「何がお姫様抱っこだ! こいつがお姫様ってガラか?」

何て失礼な、と思ったが、それを口に出して言えないのがもどかしい。

〈ねぇ、眉間に皺が寄ってる。怒っているみたいだよ〉
「悪夢でも見ているんだろよ? 全く、あれほど離れるなと言っておいたのに」

相当、お怒りのようだ。

「犬っころとチビ助が呼びに来なかったら危なかったぞ。けど、お前らはこいつから離れていろ、ヤバい状況だからな」
〈うん、分かってる。ミライのことよろしく〉

ヤバいって何がだろう? そんなことを思っていると、クッションの悪い何かの上に乱暴に下ろされた。
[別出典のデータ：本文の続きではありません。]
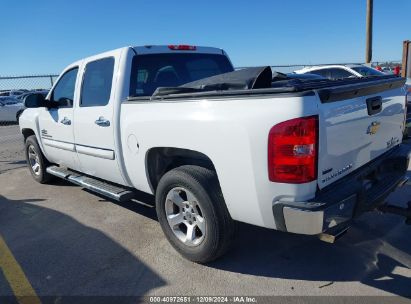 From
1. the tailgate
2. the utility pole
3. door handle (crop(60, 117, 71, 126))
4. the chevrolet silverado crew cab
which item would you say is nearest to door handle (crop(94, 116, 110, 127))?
the chevrolet silverado crew cab

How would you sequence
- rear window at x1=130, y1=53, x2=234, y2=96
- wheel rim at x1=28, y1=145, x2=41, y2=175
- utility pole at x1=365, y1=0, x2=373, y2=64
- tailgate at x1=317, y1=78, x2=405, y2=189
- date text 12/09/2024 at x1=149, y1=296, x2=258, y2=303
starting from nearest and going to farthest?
tailgate at x1=317, y1=78, x2=405, y2=189
date text 12/09/2024 at x1=149, y1=296, x2=258, y2=303
rear window at x1=130, y1=53, x2=234, y2=96
wheel rim at x1=28, y1=145, x2=41, y2=175
utility pole at x1=365, y1=0, x2=373, y2=64

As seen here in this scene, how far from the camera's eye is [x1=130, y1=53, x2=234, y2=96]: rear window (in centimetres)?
415

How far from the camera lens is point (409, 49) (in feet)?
44.8

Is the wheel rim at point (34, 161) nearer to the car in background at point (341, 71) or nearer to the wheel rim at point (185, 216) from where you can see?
the wheel rim at point (185, 216)

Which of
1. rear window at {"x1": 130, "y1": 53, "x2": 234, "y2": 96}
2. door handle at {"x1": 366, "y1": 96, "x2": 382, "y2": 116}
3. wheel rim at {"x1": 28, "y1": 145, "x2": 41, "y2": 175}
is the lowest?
wheel rim at {"x1": 28, "y1": 145, "x2": 41, "y2": 175}

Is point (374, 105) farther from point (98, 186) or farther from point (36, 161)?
point (36, 161)

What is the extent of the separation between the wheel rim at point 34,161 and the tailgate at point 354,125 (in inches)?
201

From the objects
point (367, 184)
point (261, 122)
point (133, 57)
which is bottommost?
point (367, 184)

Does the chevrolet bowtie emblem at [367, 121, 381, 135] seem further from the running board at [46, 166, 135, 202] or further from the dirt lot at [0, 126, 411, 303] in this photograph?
the running board at [46, 166, 135, 202]

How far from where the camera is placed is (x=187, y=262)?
3.53 meters

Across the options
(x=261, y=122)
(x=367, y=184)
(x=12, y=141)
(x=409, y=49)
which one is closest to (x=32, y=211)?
(x=261, y=122)

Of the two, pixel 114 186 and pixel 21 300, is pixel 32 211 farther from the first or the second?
pixel 21 300

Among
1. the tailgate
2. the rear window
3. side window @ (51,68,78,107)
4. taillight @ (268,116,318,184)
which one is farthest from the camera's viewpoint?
side window @ (51,68,78,107)

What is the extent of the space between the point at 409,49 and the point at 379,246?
490 inches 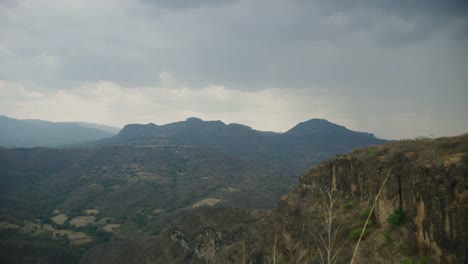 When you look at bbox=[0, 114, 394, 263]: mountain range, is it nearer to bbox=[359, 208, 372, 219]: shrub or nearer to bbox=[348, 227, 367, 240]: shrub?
bbox=[359, 208, 372, 219]: shrub

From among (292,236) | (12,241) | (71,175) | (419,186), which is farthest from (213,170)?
(419,186)

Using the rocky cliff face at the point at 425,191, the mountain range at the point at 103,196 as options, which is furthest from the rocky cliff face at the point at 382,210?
the mountain range at the point at 103,196

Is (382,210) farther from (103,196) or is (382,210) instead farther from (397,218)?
(103,196)

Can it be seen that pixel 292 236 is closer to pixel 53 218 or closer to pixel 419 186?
pixel 419 186

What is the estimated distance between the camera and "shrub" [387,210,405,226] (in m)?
17.6

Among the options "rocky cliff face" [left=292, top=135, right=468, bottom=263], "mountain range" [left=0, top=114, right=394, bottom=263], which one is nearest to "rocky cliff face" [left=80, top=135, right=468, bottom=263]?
"rocky cliff face" [left=292, top=135, right=468, bottom=263]

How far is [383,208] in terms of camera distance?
63.1ft

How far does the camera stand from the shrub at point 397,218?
17.6 meters

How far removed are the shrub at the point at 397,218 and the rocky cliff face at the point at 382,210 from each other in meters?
0.05

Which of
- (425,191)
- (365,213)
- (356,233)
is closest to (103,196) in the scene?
(365,213)

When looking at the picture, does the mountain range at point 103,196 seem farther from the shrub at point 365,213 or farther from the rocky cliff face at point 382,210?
the shrub at point 365,213

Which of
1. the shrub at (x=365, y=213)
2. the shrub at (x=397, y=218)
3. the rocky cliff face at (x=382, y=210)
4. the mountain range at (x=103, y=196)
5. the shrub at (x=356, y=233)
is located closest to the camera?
the rocky cliff face at (x=382, y=210)

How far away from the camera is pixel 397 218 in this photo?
57.7 feet

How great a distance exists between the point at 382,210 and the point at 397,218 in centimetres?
170
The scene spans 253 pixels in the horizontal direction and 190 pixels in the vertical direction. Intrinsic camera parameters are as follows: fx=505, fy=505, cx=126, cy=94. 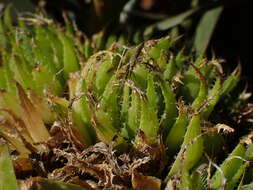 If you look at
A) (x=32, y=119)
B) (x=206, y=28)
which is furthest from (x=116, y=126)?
(x=206, y=28)

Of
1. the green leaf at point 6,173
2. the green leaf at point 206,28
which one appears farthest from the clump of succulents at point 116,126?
the green leaf at point 206,28

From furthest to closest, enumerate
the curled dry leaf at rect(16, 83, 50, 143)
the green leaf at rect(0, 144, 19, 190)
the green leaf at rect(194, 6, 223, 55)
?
the green leaf at rect(194, 6, 223, 55), the curled dry leaf at rect(16, 83, 50, 143), the green leaf at rect(0, 144, 19, 190)

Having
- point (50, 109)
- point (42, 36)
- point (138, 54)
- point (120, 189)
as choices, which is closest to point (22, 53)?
point (42, 36)

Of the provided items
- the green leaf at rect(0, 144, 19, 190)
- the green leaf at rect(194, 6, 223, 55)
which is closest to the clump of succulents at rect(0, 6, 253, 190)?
the green leaf at rect(0, 144, 19, 190)

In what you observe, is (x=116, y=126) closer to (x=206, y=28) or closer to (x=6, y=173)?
(x=6, y=173)

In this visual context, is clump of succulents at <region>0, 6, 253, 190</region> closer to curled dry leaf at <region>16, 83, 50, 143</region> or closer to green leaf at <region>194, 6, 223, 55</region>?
curled dry leaf at <region>16, 83, 50, 143</region>

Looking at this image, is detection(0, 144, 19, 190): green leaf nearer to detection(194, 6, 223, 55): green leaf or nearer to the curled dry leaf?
the curled dry leaf

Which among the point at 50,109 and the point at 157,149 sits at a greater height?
the point at 50,109

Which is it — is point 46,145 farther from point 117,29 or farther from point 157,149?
point 117,29

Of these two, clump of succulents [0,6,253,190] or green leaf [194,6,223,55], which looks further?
green leaf [194,6,223,55]

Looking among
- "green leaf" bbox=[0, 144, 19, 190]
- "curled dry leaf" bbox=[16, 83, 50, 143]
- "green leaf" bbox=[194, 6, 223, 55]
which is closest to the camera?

この匂いは天地さんの車の匂い? あれ? 私は特別室にいたんじゃなかった? 談話室から特別室、そして、天地さんのワゴン車。私ってば、ワープができるようになったのだろうか?

そんな馬鹿げたことを真剣に思っていると、エンジンの音が聞こえた。

「もしもし、ああ、俺だ」

発車したと同時に天地さんが喋り出した。どうやら電話を掛けているようだ。

「間一髪で奪還(だっかん)できた。しかし、目覚めない。何か飲まされたらしい。そっちに連れて行くから()てやってくれ。ああ、よろしく」


 *


「あら、ようやくお目覚めね」

パチパチと数回瞬きを繰り返し、手の甲でゴシゴシと瞼を擦って再び目を開ける。